== Data excerpts ==
=-=-=

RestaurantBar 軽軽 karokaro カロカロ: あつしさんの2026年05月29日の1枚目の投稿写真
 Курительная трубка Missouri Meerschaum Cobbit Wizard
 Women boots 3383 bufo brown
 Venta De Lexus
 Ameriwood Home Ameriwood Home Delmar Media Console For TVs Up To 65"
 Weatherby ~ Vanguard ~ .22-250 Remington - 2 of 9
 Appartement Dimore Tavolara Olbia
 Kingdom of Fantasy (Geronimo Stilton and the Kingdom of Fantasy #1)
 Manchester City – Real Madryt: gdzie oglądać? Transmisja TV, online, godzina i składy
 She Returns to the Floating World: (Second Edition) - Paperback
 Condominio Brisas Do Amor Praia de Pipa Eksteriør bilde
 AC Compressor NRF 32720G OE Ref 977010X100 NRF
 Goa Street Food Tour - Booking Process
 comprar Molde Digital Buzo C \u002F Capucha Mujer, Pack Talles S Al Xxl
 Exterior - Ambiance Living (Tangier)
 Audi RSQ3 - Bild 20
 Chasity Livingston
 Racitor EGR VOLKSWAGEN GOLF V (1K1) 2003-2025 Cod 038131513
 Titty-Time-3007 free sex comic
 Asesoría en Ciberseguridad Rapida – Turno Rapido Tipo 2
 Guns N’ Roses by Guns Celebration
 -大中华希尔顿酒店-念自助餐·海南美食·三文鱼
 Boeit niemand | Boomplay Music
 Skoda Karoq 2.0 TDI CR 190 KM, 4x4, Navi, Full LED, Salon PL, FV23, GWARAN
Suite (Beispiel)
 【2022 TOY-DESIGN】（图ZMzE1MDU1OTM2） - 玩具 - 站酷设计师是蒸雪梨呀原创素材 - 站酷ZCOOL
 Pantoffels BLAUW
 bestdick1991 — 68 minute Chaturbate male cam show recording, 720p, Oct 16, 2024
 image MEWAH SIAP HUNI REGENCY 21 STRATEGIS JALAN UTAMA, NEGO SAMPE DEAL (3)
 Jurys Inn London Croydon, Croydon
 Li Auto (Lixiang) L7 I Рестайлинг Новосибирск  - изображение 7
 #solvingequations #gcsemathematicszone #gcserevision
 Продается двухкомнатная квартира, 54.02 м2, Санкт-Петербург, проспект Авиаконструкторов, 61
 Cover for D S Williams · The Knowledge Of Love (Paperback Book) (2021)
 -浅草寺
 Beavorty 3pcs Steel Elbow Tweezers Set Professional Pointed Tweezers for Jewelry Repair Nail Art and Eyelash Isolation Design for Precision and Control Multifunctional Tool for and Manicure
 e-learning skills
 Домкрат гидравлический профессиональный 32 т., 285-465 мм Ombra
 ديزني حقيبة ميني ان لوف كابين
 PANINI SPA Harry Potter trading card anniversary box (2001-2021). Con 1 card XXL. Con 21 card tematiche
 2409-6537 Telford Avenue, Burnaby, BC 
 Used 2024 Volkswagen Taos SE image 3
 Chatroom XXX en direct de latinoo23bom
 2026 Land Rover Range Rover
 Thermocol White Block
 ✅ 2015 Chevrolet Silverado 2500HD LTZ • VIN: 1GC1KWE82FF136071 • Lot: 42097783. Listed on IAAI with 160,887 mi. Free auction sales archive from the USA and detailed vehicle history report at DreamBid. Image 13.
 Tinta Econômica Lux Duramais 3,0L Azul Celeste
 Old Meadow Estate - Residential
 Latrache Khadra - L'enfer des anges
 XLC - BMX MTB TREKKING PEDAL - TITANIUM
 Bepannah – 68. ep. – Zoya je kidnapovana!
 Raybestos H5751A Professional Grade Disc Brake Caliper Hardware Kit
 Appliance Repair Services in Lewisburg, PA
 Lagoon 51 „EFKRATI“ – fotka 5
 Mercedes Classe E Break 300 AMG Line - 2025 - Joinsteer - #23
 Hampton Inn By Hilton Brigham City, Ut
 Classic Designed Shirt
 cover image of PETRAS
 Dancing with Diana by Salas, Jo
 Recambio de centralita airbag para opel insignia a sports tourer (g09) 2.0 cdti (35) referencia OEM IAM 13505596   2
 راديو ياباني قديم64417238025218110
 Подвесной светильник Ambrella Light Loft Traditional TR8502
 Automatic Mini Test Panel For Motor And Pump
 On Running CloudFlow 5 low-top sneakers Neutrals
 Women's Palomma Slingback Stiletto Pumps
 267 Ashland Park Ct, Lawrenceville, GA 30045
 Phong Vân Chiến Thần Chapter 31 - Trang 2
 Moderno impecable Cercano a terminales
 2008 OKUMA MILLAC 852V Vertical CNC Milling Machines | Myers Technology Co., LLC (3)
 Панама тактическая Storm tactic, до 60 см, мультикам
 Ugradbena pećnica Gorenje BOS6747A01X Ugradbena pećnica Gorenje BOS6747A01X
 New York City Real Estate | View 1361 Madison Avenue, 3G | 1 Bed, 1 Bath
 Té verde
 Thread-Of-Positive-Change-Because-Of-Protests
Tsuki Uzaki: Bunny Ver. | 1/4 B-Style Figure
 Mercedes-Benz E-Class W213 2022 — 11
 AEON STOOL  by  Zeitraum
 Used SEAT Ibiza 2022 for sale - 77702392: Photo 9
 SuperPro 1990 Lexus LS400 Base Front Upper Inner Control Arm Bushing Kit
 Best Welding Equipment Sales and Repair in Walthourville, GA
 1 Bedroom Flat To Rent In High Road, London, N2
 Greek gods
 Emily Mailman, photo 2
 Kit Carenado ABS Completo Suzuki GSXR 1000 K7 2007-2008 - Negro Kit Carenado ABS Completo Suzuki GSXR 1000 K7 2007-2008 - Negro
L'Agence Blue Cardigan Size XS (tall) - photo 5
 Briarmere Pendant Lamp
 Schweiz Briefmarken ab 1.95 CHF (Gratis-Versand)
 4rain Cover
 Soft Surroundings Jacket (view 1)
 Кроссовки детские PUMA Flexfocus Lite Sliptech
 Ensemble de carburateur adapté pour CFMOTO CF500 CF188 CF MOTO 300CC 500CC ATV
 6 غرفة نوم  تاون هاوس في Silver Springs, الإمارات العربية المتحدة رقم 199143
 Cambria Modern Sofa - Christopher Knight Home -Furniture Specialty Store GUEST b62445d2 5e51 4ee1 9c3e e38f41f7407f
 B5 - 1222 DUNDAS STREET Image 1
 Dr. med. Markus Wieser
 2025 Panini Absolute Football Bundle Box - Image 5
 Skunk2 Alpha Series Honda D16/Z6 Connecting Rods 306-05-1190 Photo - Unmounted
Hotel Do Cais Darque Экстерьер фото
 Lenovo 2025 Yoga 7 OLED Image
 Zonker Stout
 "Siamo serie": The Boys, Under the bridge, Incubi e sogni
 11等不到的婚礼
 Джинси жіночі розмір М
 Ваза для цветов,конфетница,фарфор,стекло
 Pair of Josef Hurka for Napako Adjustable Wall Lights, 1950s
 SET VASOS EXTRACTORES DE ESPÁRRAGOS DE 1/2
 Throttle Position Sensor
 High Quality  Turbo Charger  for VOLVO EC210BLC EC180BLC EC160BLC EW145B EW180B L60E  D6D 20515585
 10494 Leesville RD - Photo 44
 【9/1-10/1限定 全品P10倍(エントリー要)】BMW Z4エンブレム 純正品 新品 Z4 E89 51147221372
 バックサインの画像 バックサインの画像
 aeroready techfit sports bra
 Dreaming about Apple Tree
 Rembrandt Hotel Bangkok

=-=-=

== Problem description ==
Retype, exactly and with nothing added, the lines of the material above from the first through the one that contains "Asesoría en Ciberseguridad".

== Answer to the exercise ==
RestaurantBar 軽軽 karokaro カロカロ: あつしさんの2026年05月29日の1枚目の投稿写真
 Курительная трубка Missouri Meerschaum Cobbit Wizard
 Women boots 3383 bufo brown
 Venta De Lexus
 Ameriwood Home Ameriwood Home Delmar Media Console For TVs Up To 65"
 Weatherby ~ Vanguard ~ .22-250 Remington - 2 of 9
 Appartement Dimore Tavolara Olbia
 Kingdom of Fantasy (Geronimo Stilton and the Kingdom of Fantasy #1)
 Manchester City – Real Madryt: gdzie oglądać? Transmisja TV, online, godzina i składy
 She Returns to the Floating World: (Second Edition) - Paperback
 Condominio Brisas Do Amor Praia de Pipa Eksteriør bilde
 AC Compressor NRF 32720G OE Ref 977010X100 NRF
 Goa Street Food Tour - Booking Process
 comprar Molde Digital Buzo C \u002F Capucha Mujer, Pack Talles S Al Xxl
 Exterior - Ambiance Living (Tangier)
 Audi RSQ3 - Bild 20
 Chasity Livingston
 Racitor EGR VOLKSWAGEN GOLF V (1K1) 2003-2025 Cod 038131513
 Titty-Time-3007 free sex comic
 Asesoría en Ciberseguridad Rapida – Turno Rapido Tipo 2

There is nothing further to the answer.